INGREDIENTI PER 6 PERSONE
100 g cervella di vitello
100 g filoni di vitello
100 g animelle di vitello (lacèt)
100 g creste bargigli e “ovette” di gallo
100 g di testicoli di vitello (grisèle)
100 g polpa di vitello tritata
1 uovo
2 cucchiai di parmigiano grattugiato
100 g di funghi porcini sott’olio
1 dl di marsala secco
3 cucchiai di aceto di vino rosso
50 g di farina
50 g di burro
sale – pepe

PREPARAZIONE

Porre le animelle e le grisèle in una tegame, ricoprirle d’acqua, mettere il recipiente sul fuoco e lasciare bollire per cinque minuti, quindi lasciare raffreddare sotto acqua corrente; dopo di che scolare, levare la pellicina che la ricopre le animelle e tagliare il tutto a dadini.
Mettere le creste ed i bargigli in una casseruola, ricoprirli d’acqua, salare e porre a fuoco; appena l’acqua comincerà a scaldarsi, prendere fra le dita una cresta (uguale per i bargigli), stropicciarla e, se la pelle si stacca levare il recipiente dal fuoco. Scolare e porli sopra un canovaccio, spolverizzarli di sale fino; aiutandosi con le mani, strofinarli bene nel tessuto levando loro completamente la pelle, bucherellare con un ago poi metterli in un recipiente con acqua fredda salata; lasciandoli così per almeno quattro ore, cambiando l’acqua ripetutamente affinché le creste e i bargigli rimangano bianchi;
Mettere a bagno in acqua fredda le ovette di pollo, immergerle poi in acqua bollente, ma a fuoco spento; quando questa si sarà raffreddata, scolare le ovette e levare la pellicina che le ricopre. Porre a fuoco un poco di acqua e appena alzerà il bollore levare il recipiente, immergervi le ovette e lasciarvele fino a quando l’acqua si sarà raffreddata.
Sbollentate cervella e filoni in acqua salata e leggermente acidulata, lasciarli raffreddare e tagliare anch’essi a dadini.

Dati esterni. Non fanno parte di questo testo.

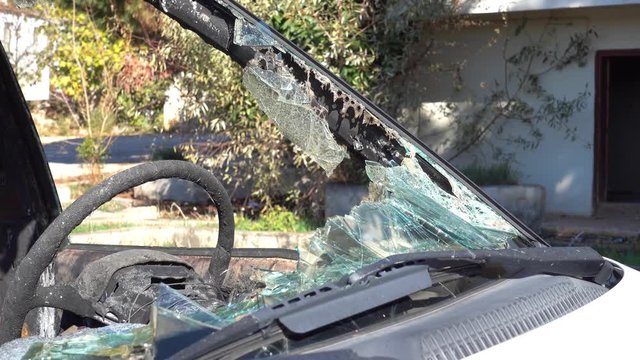 4K Burnt steering wheel and burst windscreen of a car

Amalgamare la carne tritata con l’uovo intero, il parmigiano il sale e il pepe e ricavatene delle piccole palline poco più grandi di una nocciola.
Porre sul fuoco una casseruola con il burro, appena sarà sciolto unire le polpettine di carne precedentemente infarinate; salarle e farle rosolare un poco. Unire poi nell’ordine, i lacèt, le grisèle, le creste, i bargigli, i filoni, le cervella e per ultimo aggiungere le ovette e le cervella infarinando leggermente gli ingredienti prima di aggiungerli al tegame; a metà cottura mettervi i funghetti tagliati a dadini. Lasciare cuocere a fuoco lento mescolando ogni tanto affinché non si attacchino al fondo del recipiente. A cottura quasi ultimata versare sulle carni l’aceto e il marsala. Se l’intingolo risultasse troppo forte unire una puntina di zucchero. Servire ben caldo.